# Is there a way to still get the Fantastic Science 24 page Teaser



## Strife (Jul 18, 2007)

I have tried adding this item to my cart and it tells me its is no longer offered.
Is there anyway to see this pdf?


----------



## Morrus (Jul 18, 2007)

Ermm... was there one?  I don't remember!

Where did you try to add it to your cart?  RPGNow?  If it's there, I have no problem with making it available, even if I have to post it here.


----------



## Strife (Jul 18, 2007)

http://www.enworld.org/shop/index.php?do=product&productid=569&source=enpubpress

This is the 24 page teaser I tried to download, the response when I attempt to download/add to cart is "This product is not available."


----------



## Morrus (Jul 19, 2007)

Ah, yes, the EN World GameStore closed over a year ago!  The whole shop is defunct.  

Where did you see a link to that page?

I've just been sent a copy of the teaser, so I'll upload it and give you a link in this thread in the next day or two.


----------



## Strife (Jul 19, 2007)

I had not realized that it was on the Old site.

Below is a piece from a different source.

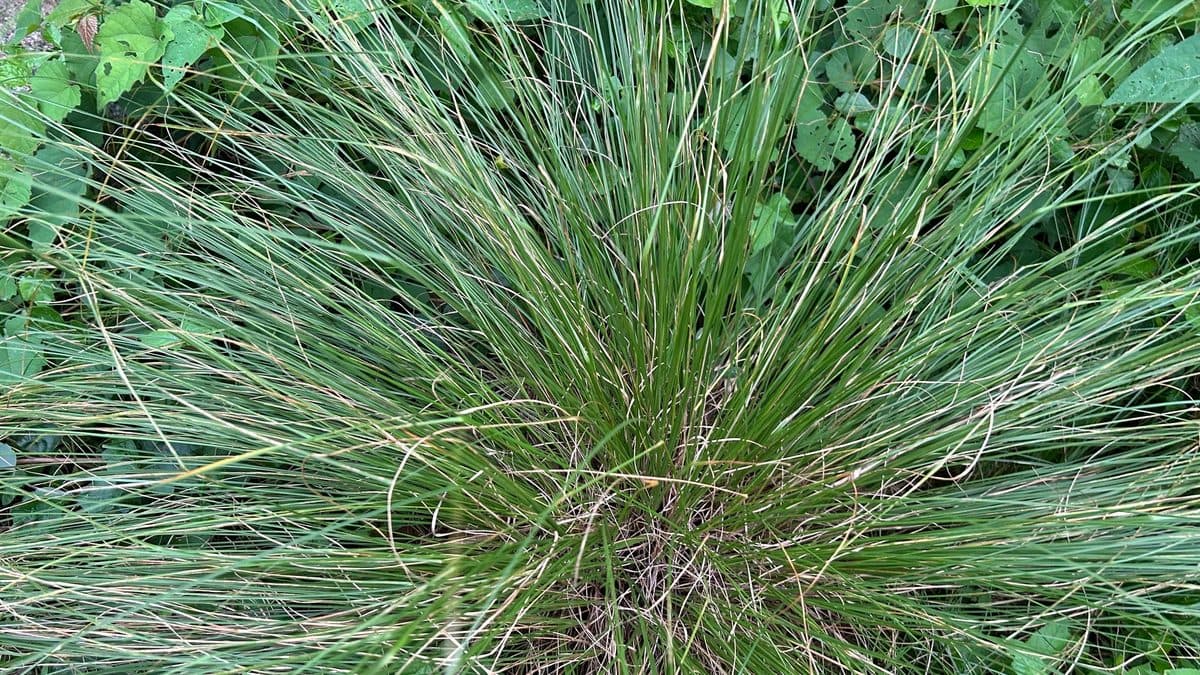 A fine-textured clump of prairie dropseed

Fantastic Science was suggested to me for a character I am trying to make that is based off of Nicola Tesla. I could not access the link provided though because I was using a work computer, so I tryed to find another way to get more information by googling it, and it took me to the original thread where the Teaser was announced and I went through that Link

http://www.enworld.org/showthread.php?t=154406


----------



## Morrus (Jul 19, 2007)

Here's the teaser.


----------



## Strife (Jul 23, 2007)

Thank you very much.


----------